L’Union européenne et plusieurs de ses pays membres renforcent actuellement la gestion des frontières de l’espace Schengen, en réponse aux défis posés par l’immigration irrégulière. Des actions concrètes ont été adoptées par le Danemark, l’Allemagne et l’Italie pour mieux contrôler les flux migratoires et faciliter les expulsions.
Le Danemark et ses politiques migratoires rigoristes
Depuis plusieurs années, le Danemark se distingue par son approche stricte vis-à-vis de l’immigration en provenance de pays non européens. Notamment, la loi communément appelée « ghetto », établie en 2018, cherche à diminuer la proportion de résidents non occidentaux dans certains secteurs, passant de 50 % à 30 %. Cette législation restreint aussi l’accès aux aides sociales pour les réfugiés, limite le regroupement familial et l’acquisition de la nationalité, et externalise certaines procédures d’asile. En 2024, le nombre de demandes d’asile enregistrées au Danemark est descendu à 1656, alors qu’en 2015, ce chiffre atteignait plus de 21,000. Cette diminution souligne l’effet de ces politiques sur le nombre de demandes d’asile.

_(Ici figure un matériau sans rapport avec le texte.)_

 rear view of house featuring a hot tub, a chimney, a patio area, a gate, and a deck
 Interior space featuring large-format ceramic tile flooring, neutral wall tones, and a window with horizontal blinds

Renforcement des frontières de l’espace Schengen allemandes
L’Allemagne, faisant elle aussi partie de l’espace Schengen, a élargi les compétences de la police des frontières sous l’impulsion du chancelier Friedrich Merz. Les demandeurs d’asile sans documentation peuvent être renvoyés, sauf s’ils appartiennent à des groupes vulnérables comme les enfants, les personnes âgées ou les femmes enceintes. Depuis octobre 2023, le ministère de l’Intérieur rapporte que plus de 53,000 personnes ont été refoulées. Cela traduit une priorité accrue mise sur le contrôle des entrées non autorisées dans le pays.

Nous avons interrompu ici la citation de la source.